I have decided not to decide whether to give to panhandlers or not. If I am moved to, i do and if I am not moved to I do not without a feeling of guilt. I do not think that panhandlers are making a mint, but I do believe that I am supporting a person financially who is deceiving himself into believing that he/she can live apart from society when cooperative living and sharing of resources would help this person somuch better.

I do know that panhandlers do make a big economic difference. There are stores near where I go to church and where I live that would be very convenient to patronize but I will not spend money there because every time I do, there are panhandlers just outside the door.

Posted by: Mike Johnson | September 10, 2008 11:15 AM

4

Agree with SK. Evidence shows that most beggars do not spend all day begging for money. Instead, they beg only until they have enough to pay for their next meal/drink/hit. You never want to have extra cash on you, because it is too easily stolen.

Posted by: Scott de B. | September 10, 2008 1:08 PM

5

Why is it surprising that people with all the power in the dictator game are still rather generous, and give away about one-third of the total amount of money? I knew nothing about the game, nor the results, but I would have guessed that people would share.

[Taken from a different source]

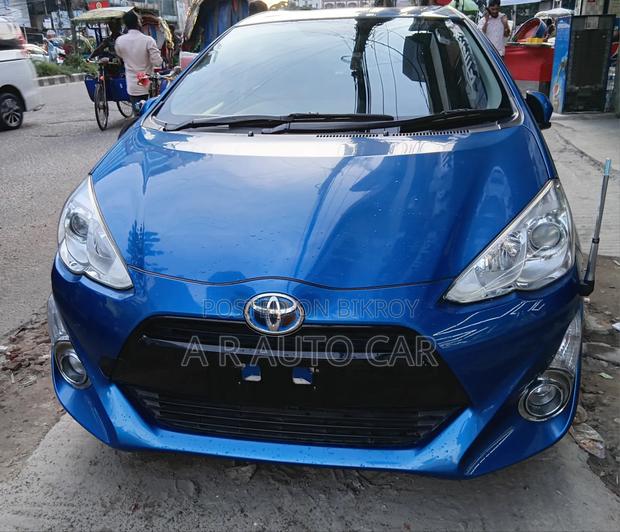 Toyota Aqua 2016 Blue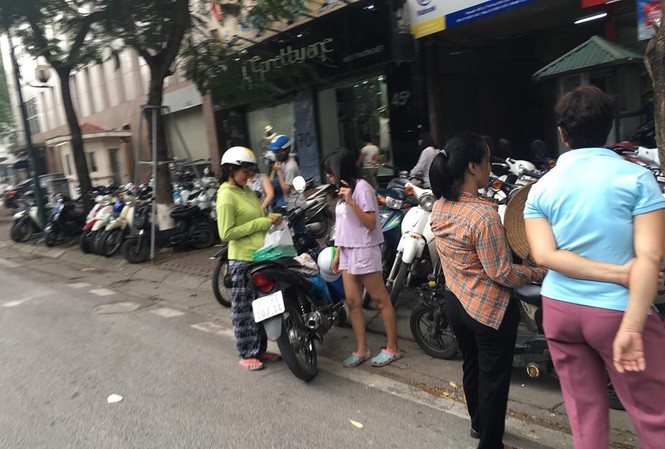 Lí do nào khiến sách giáo khoa đầu cấp ‘cháy hàng’, giá vọt cao? Hai 'nhân viên' trên đường Lý Thường Kiệt nói sách lớp 1, lớp 6 và lớp 10 đều đủ, chỉ giá là đắt thôi. Ảnh: Đỗ Hợp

Perhaps those immersed in evolutionary psychology do not think human behavior amoral, but rather assume it to be immoral. I often get the picture that their bias goes beyond a perfectly appropriate amoral perspective. Their bias is toward the immoral and this seems to inhibit their capacity to ever recognize generous human behavior, that is not brutish or selfish, as advantageous.

Posted by: Korey | September 10, 2008 1:30 PM

6

If people has the way out, I don't think they are out there begging. Nowadays, a lot of employer own employee's money and made people cannot survive. You don't have such experience. Try go on the street for a day. You will know.